Утренняя тяга восхитительна и часто бывает гораздо лучше вечерней. Мы, бывало, в мае придем с вечерней тяги, напьемся чаю, поужинаем, приляжем, поболтаем, иногда и немного заснем, а глядишь, уж пора идти; в мае выходили мы из избы в половине второго и не позднее двух часов, подавно, если это было еще в первых числах мая. Обыкновенно с утренней тяги ходил я в лес за рябчиками на манку[104 - Дудочка, приманка самок – подражание тетереву.] или с подходу за тетеревами, которых подчуфыковал.
Блаженные и незабвенные времена! Выше удовольствия в жизни я не ощущал, как те, которые доставляла мне охота, не как промышленнику, но как обожателю природы и наблюдателю того, что в ней таится.
После этого вообрази, как бы я счастлив был, если б мог вместе с тобою, в твоем обществе насладиться этим удовольствием. Не люблю я этого гама и шума, неизбежных атрибутов охоты с гончими и борзыми; для меня не в пример приятнее тишина и неторопливость, неизбежные при ружейной охоте. С доброй собакой и ружьем на плече и одному скучно не бывает.

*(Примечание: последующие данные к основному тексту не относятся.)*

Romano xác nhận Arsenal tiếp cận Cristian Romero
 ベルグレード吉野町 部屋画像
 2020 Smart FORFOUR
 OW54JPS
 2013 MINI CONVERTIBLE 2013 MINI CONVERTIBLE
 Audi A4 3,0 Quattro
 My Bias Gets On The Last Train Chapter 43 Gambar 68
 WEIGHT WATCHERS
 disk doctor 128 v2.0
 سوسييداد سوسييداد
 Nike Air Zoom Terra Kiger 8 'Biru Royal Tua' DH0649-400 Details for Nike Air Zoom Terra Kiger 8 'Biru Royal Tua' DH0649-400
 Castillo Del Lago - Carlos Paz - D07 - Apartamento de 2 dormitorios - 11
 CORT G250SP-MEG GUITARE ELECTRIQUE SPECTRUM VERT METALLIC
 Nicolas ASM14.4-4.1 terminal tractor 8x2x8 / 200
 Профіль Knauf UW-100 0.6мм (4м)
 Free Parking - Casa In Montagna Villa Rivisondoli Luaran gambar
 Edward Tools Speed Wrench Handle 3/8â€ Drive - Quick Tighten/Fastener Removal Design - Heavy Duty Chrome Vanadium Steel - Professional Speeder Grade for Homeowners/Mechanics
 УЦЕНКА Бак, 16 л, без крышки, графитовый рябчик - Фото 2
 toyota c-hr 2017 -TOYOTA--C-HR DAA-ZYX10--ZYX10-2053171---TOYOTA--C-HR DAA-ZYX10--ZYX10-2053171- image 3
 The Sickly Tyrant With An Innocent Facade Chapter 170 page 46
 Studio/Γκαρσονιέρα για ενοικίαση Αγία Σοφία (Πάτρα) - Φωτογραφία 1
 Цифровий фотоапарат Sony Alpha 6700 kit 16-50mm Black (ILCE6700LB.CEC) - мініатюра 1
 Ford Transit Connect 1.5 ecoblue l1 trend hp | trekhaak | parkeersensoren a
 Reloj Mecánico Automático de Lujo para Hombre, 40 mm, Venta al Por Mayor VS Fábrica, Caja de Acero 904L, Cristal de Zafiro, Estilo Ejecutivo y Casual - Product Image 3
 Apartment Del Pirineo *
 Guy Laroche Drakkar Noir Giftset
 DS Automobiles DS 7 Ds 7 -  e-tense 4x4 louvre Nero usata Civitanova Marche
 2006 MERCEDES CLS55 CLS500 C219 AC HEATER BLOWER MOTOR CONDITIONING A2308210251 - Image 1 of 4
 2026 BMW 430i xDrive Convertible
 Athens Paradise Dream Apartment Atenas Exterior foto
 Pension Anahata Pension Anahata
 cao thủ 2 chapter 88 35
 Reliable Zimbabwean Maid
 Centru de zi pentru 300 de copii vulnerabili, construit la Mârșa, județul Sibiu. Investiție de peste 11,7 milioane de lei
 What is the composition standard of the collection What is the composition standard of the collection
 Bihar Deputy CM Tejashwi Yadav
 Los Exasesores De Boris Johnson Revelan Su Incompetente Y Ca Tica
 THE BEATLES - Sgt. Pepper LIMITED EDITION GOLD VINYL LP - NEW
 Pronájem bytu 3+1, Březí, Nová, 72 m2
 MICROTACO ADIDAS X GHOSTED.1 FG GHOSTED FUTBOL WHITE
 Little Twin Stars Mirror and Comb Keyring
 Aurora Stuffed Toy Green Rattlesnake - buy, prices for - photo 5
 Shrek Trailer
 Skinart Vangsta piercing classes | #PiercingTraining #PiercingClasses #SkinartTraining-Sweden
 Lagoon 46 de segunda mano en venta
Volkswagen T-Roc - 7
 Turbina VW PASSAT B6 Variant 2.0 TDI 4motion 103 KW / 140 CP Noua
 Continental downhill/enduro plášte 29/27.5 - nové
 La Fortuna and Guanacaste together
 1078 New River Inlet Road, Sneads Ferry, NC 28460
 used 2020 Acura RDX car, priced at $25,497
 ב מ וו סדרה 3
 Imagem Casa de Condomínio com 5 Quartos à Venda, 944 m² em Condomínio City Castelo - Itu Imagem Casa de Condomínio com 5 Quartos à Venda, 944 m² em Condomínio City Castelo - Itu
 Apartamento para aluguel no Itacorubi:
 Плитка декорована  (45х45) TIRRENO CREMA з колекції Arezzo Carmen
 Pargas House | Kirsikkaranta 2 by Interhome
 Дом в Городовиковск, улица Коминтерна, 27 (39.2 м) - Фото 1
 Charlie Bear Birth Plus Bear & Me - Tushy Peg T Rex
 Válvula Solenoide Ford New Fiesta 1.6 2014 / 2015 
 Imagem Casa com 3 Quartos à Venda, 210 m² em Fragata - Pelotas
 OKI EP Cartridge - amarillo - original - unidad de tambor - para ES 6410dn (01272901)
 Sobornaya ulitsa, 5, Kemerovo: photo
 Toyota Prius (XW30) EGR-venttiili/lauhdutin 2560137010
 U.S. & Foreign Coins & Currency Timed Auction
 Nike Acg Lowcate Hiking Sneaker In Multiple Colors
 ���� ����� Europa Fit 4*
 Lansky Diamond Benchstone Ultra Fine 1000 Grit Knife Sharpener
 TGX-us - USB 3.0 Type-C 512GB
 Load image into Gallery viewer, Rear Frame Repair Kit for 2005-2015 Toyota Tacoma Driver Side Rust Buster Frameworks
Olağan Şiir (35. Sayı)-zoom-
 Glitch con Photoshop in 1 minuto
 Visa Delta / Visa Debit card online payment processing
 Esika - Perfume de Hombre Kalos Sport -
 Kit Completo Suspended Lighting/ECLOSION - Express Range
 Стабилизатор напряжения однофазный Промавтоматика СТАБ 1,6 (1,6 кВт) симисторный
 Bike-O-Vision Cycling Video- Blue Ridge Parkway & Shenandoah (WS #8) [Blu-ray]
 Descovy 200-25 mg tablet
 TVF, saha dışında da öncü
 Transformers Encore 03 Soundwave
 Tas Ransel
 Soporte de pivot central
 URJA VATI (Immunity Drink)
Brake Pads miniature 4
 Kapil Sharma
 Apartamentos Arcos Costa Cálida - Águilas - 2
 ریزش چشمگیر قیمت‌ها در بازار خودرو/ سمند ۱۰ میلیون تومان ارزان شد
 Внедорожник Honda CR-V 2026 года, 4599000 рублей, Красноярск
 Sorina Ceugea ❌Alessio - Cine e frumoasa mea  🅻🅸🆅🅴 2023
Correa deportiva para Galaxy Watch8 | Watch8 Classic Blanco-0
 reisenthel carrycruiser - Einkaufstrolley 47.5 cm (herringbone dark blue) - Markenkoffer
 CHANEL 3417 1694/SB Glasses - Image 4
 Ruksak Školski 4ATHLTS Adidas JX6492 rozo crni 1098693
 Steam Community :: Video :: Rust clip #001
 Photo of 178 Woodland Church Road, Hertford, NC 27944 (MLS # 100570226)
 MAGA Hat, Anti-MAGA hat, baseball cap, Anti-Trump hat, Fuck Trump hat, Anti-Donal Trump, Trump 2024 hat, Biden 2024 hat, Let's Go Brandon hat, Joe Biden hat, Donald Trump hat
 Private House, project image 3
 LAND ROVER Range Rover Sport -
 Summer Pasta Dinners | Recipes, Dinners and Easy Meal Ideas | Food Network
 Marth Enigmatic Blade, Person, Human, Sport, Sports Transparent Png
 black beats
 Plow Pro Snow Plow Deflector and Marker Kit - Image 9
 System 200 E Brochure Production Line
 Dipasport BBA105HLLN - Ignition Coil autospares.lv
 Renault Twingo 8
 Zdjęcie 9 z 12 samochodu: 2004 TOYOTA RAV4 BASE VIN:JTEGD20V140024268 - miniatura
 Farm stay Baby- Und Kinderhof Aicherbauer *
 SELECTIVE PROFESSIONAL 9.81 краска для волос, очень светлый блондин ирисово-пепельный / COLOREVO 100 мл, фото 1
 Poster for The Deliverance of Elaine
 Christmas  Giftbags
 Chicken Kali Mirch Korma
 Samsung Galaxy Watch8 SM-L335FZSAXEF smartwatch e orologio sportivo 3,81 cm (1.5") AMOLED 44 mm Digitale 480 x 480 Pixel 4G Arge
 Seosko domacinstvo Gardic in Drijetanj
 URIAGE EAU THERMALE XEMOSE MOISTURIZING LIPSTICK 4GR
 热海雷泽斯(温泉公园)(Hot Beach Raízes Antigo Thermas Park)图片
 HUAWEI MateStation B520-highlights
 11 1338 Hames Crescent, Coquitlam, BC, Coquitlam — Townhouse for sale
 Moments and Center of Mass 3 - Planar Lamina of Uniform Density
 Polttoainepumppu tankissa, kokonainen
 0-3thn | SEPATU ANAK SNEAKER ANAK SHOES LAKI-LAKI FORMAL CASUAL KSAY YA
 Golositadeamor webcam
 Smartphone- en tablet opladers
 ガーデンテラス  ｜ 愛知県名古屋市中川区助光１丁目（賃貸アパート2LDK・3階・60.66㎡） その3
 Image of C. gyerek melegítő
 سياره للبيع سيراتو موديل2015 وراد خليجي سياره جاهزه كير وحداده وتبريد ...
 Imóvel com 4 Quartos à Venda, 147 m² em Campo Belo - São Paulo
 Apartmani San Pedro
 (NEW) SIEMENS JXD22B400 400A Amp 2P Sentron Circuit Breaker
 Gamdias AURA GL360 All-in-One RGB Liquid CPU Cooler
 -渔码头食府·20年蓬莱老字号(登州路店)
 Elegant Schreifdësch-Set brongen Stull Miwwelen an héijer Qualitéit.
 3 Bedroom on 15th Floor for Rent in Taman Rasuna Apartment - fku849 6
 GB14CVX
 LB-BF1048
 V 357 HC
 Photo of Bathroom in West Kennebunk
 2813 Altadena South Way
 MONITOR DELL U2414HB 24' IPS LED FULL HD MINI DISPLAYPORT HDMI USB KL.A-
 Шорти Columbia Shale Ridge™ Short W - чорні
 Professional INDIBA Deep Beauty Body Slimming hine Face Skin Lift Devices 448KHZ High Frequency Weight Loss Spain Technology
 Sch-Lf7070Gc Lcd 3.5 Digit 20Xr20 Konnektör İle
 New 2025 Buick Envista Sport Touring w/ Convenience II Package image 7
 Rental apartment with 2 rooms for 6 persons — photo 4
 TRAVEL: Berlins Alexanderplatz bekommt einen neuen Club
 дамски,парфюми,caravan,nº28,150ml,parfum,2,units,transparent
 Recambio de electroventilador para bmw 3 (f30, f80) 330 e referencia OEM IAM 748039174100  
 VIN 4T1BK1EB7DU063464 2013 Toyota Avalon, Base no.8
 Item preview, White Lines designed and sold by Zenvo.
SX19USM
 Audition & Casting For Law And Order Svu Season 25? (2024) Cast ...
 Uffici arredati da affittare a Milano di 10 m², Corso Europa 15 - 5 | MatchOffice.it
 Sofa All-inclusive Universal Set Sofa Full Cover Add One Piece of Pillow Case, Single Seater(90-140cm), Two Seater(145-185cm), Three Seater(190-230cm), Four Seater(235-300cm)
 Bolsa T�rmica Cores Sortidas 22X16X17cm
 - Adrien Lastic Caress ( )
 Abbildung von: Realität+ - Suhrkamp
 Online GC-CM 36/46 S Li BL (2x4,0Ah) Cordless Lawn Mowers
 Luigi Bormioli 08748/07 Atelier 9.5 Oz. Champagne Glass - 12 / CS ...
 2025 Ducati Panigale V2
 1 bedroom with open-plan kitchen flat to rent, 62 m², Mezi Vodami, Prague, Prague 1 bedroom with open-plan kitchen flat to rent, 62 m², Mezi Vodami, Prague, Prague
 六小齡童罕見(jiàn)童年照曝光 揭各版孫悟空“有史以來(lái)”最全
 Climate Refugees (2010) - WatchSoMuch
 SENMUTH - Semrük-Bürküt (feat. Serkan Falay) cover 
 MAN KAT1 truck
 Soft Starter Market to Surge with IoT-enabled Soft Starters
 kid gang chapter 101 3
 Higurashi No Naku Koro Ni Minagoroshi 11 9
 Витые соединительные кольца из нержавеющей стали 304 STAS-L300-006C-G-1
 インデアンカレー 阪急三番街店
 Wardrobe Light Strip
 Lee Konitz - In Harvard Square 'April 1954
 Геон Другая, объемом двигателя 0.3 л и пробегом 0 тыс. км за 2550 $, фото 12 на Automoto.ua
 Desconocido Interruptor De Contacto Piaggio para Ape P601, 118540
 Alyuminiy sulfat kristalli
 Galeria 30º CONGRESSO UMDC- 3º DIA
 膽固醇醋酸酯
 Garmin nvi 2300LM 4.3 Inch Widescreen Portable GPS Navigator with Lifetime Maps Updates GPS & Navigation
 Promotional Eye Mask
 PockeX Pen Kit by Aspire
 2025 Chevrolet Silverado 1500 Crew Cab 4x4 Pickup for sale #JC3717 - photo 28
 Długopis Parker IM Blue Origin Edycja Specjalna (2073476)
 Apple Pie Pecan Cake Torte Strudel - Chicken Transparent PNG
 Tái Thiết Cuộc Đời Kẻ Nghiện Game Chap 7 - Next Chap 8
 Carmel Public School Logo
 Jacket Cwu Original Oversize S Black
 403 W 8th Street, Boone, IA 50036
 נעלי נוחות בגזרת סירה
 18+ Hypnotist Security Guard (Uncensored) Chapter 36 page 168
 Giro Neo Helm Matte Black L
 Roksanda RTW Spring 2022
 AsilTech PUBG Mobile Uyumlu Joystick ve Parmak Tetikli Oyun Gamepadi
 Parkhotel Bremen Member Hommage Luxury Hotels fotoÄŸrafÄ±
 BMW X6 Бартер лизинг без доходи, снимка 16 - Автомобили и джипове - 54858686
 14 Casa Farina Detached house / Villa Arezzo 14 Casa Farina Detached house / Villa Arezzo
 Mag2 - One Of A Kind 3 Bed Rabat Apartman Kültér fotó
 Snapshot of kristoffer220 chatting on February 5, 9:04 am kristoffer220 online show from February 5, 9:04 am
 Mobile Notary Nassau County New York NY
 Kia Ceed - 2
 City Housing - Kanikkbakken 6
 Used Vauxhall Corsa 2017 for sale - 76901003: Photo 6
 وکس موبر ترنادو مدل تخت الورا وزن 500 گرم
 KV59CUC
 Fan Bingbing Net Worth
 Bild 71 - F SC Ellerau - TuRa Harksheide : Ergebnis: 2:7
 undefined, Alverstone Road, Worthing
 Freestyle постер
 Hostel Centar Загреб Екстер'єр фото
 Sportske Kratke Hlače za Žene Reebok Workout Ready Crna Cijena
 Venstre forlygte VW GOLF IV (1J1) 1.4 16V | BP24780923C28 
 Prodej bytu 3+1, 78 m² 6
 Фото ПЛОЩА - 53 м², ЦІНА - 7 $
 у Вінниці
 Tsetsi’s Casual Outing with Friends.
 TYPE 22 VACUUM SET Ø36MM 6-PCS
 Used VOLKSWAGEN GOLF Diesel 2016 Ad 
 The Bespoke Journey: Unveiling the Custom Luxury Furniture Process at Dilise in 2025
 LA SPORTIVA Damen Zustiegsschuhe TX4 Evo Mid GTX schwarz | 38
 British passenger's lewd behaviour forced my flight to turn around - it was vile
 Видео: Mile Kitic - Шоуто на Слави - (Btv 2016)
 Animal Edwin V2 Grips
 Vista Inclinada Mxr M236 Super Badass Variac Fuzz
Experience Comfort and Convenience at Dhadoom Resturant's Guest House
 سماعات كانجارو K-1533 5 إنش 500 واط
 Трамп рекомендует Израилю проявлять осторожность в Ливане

Не поленись, сходи когда-нибудь на утреннюю тягу, но возьми с собой провожатого без ружья, который бы стоял около тебя и принес бы тебе вальдшнепа, которого бы удалось тебе убить, да и всегда не лишнее иметь при себе ночью в лесу надежного товарища; пожалуй набредешь и на волка, а он как раз стащит собаку, подавно, если она далеко отбежит. Мы, бывало, всегда опасались этой встречи и ночью держали собаку около себя, а молодых держали на сворке…»
Прочитав это письмо, Лев Николаевич сказал:
– Так может писать только настоящий охотник, понимающий и любящий природу.
Я была горда за отца. «Это справедливо», – думала я.